■ **About this task**
Starting at the line that contains "Pet Cleaning &", write out every line through the end of the records below exactly as it appears, and leave out all pictures.

(Input for this task)

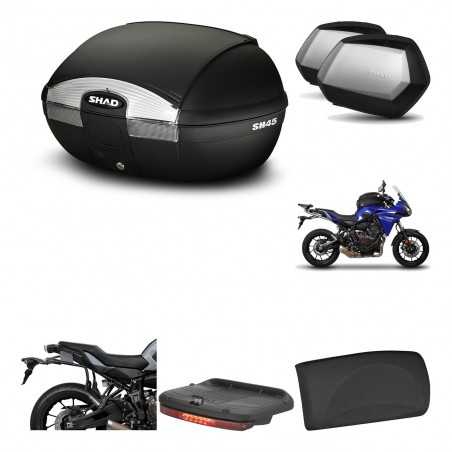 SHAD Maletas laterales + baul trasero herraje montaje accesorios 3p SH45 SH 45 SC SH35 PREMIUM KIT-192240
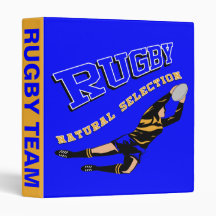 Women's Rugby #2 BY 3 Ring Binder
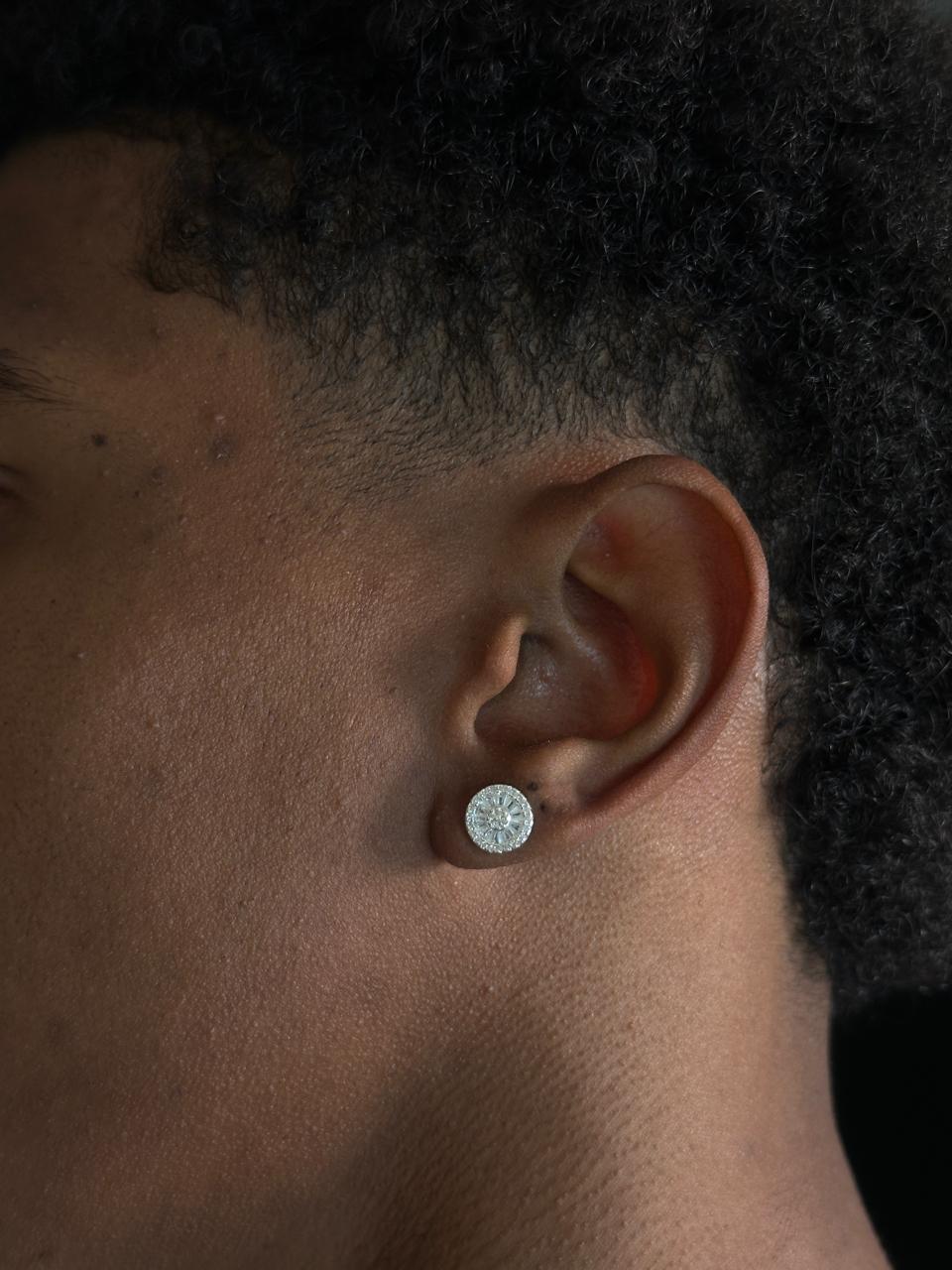 Brinco Pizza PRATA 925 / 9mm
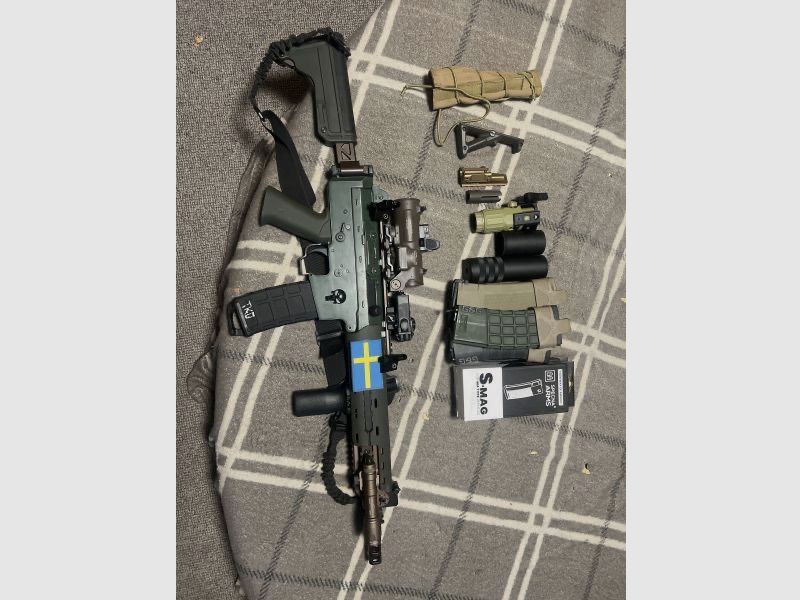 Rarity G&G GK5C (AK5C) with accessories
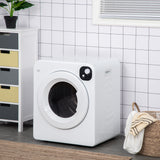 Compact Laundry Dryer Machine, 3.22 Cu. Ft. Electric Portable Clothes Dryer with 7 Drying Modes for Apartment or Dorm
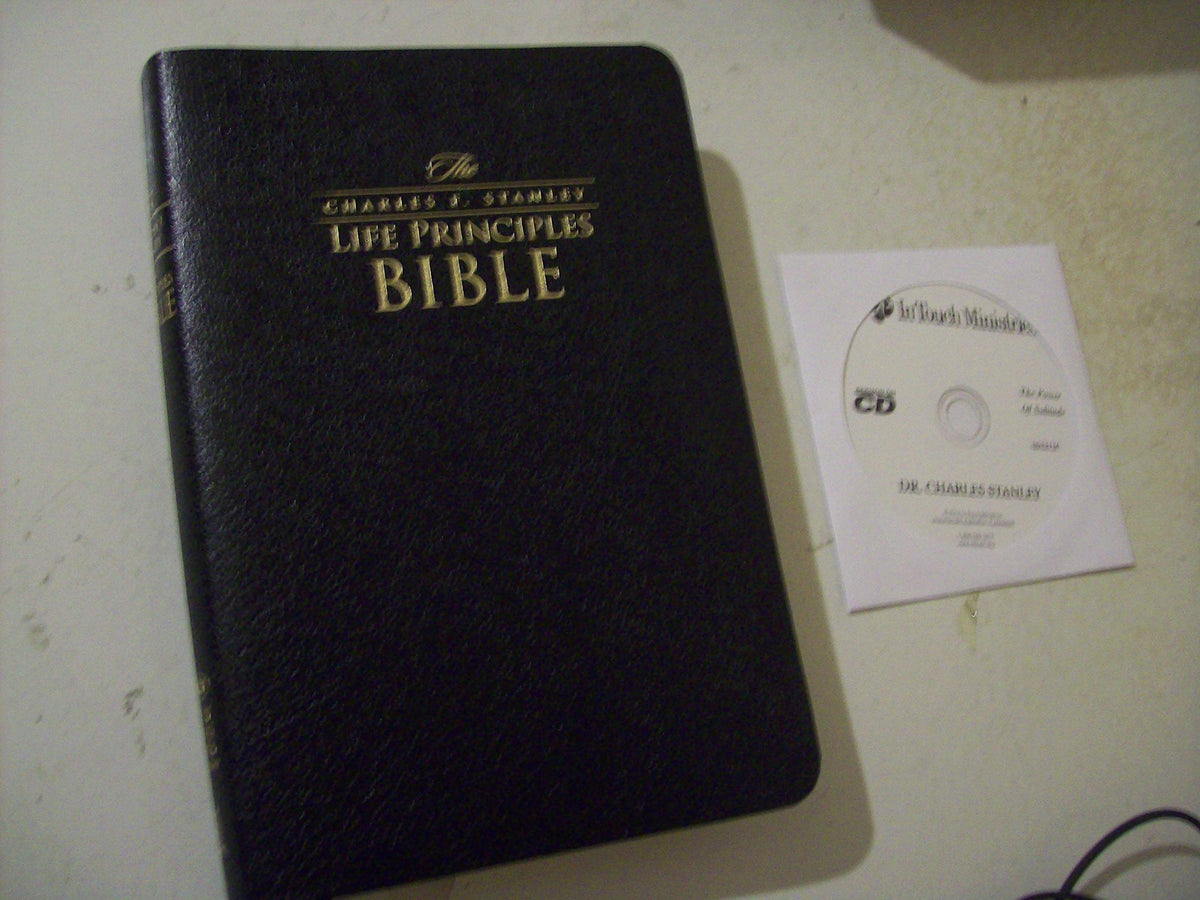 The Charles F. Stanley Life Principles Bible (Black)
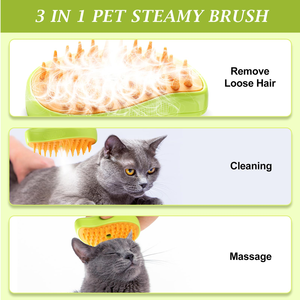 Pet Cleaning & Massage <b>Brush</b> <b>Shedding</b> Removal Spray Comb Stainless Steel Multi-Function for <b>Dogs</b> Bathroom Bath Cleaning Supplies - Product Image 2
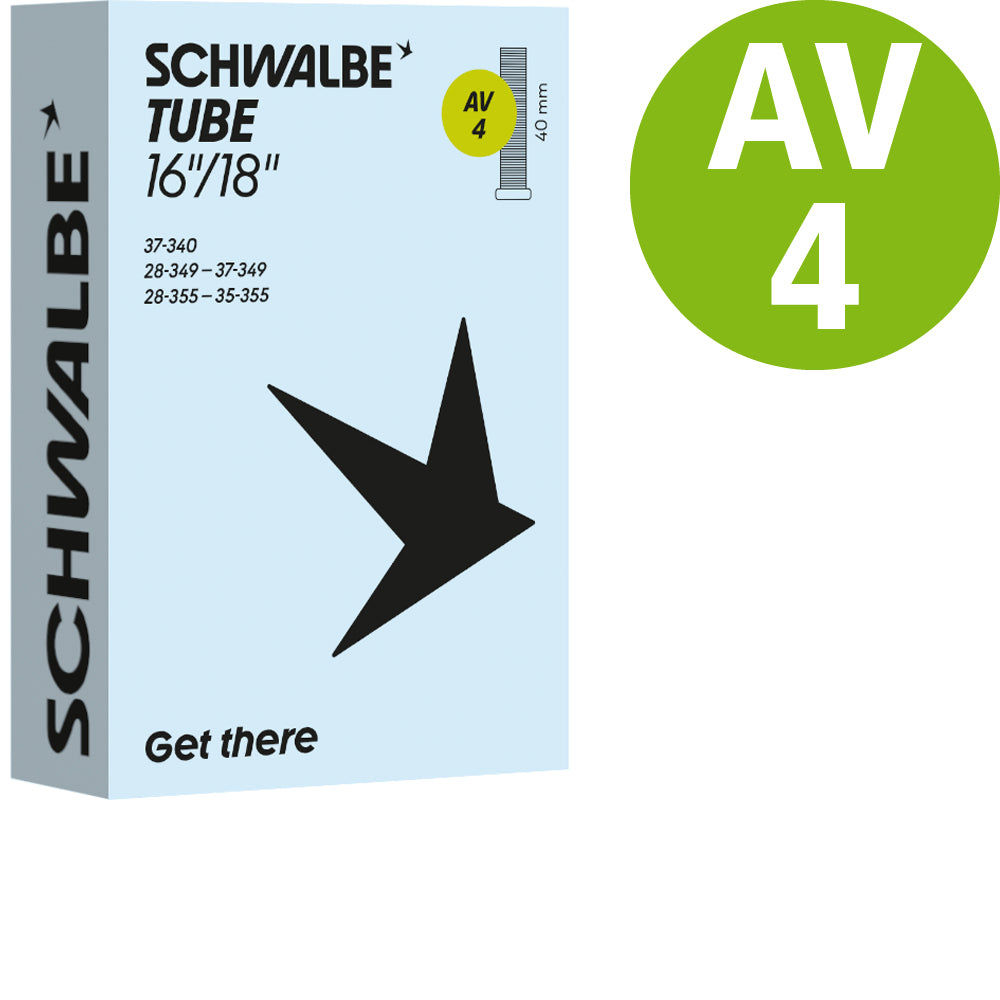 Schwalbe Schlauch Nr. 4, 16 und 18 Zoll, AV 40 mm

(End Input for this task)

■ **Task result**
 Pet Cleaning & Massage <b>Brush</b> <b>Shedding</b> Removal Spray Comb Stainless Steel Multi-Function for <b>Dogs</b> Bathroom Bath Cleaning Supplies - Product Image 2
 Schwalbe Schlauch Nr. 4, 16 und 18 Zoll, AV 40 mm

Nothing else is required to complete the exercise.